◆ Task description ◆
Given the entries below, copy each of them out exactly.

◆ Available data ◆
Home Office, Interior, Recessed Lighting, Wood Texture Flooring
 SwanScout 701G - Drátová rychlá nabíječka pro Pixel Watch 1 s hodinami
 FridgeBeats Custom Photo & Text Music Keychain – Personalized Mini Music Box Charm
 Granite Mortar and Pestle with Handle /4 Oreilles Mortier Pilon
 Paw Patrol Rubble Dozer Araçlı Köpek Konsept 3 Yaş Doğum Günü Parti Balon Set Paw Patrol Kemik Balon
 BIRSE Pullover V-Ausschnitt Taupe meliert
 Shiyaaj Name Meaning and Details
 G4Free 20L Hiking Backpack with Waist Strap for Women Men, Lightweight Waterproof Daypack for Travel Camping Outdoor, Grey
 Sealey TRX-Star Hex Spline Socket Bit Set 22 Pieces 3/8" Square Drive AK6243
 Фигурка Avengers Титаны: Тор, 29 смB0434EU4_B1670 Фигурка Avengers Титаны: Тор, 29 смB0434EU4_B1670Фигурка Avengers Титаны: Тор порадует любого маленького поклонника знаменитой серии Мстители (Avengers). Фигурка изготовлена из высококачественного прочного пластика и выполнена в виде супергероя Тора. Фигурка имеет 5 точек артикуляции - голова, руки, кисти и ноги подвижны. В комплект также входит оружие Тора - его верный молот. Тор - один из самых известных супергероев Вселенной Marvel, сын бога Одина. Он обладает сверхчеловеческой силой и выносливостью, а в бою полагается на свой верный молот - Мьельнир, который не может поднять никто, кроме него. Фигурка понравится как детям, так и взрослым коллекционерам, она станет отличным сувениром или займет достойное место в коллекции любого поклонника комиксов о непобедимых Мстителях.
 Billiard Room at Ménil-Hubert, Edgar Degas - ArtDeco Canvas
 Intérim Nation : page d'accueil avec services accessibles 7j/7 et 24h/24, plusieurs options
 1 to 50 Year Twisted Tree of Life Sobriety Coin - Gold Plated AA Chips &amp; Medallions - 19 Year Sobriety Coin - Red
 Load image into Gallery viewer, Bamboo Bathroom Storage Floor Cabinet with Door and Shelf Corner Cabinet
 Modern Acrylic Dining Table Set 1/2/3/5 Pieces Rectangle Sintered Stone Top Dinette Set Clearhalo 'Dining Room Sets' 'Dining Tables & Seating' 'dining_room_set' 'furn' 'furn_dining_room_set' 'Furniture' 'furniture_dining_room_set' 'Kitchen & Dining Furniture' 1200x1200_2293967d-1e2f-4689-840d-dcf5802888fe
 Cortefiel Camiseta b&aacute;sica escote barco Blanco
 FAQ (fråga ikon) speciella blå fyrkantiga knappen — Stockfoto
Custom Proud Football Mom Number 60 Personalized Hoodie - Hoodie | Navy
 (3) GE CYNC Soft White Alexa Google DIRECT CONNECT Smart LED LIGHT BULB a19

◆ Solved problem ◆
Home Office, Interior, Recessed Lighting, Wood Texture Flooring
 SwanScout 701G - Drátová rychlá nabíječka pro Pixel Watch 1 s hodinami
 FridgeBeats Custom Photo & Text Music Keychain – Personalized Mini Music Box Charm
 Granite Mortar and Pestle with Handle /4 Oreilles Mortier Pilon
 Paw Patrol Rubble Dozer Araçlı Köpek Konsept 3 Yaş Doğum Günü Parti Balon Set Paw Patrol Kemik Balon
 BIRSE Pullover V-Ausschnitt Taupe meliert
 Shiyaaj Name Meaning and Details
 G4Free 20L Hiking Backpack with Waist Strap for Women Men, Lightweight Waterproof Daypack for Travel Camping Outdoor, Grey
 Sealey TRX-Star Hex Spline Socket Bit Set 22 Pieces 3/8" Square Drive AK6243
 Фигурка Avengers Титаны: Тор, 29 смB0434EU4_B1670 Фигурка Avengers Титаны: Тор, 29 смB0434EU4_B1670Фигурка Avengers Титаны: Тор порадует любого маленького поклонника знаменитой серии Мстители (Avengers). Фигурка изготовлена из высококачественного прочного пластика и выполнена в виде супергероя Тора. Фигурка имеет 5 точек артикуляции - голова, руки, кисти и ноги подвижны. В комплект также входит оружие Тора - его верный молот. Тор - один из самых известных супергероев Вселенной Marvel, сын бога Одина. Он обладает сверхчеловеческой силой и выносливостью, а в бою полагается на свой верный молот - Мьельнир, который не может поднять никто, кроме него. Фигурка понравится как детям, так и взрослым коллекционерам, она станет отличным сувениром или займет достойное место в коллекции любого поклонника комиксов о непобедимых Мстителях.
 Billiard Room at Ménil-Hubert, Edgar Degas - ArtDeco Canvas
 Intérim Nation : page d'accueil avec services accessibles 7j/7 et 24h/24, plusieurs options
 1 to 50 Year Twisted Tree of Life Sobriety Coin - Gold Plated AA Chips &amp; Medallions - 19 Year Sobriety Coin - Red
 Load image into Gallery viewer, Bamboo Bathroom Storage Floor Cabinet with Door and Shelf Corner Cabinet
 Modern Acrylic Dining Table Set 1/2/3/5 Pieces Rectangle Sintered Stone Top Dinette Set Clearhalo 'Dining Room Sets' 'Dining Tables & Seating' 'dining_room_set' 'furn' 'furn_dining_room_set' 'Furniture' 'furniture_dining_room_set' 'Kitchen & Dining Furniture' 1200x1200_2293967d-1e2f-4689-840d-dcf5802888fe
 Cortefiel Camiseta b&aacute;sica escote barco Blanco
 FAQ (fråga ikon) speciella blå fyrkantiga knappen — Stockfoto
Custom Proud Football Mom Number 60 Personalized Hoodie - Hoodie | Navy
 (3) GE CYNC Soft White Alexa Google DIRECT CONNECT Smart LED LIGHT BULB a19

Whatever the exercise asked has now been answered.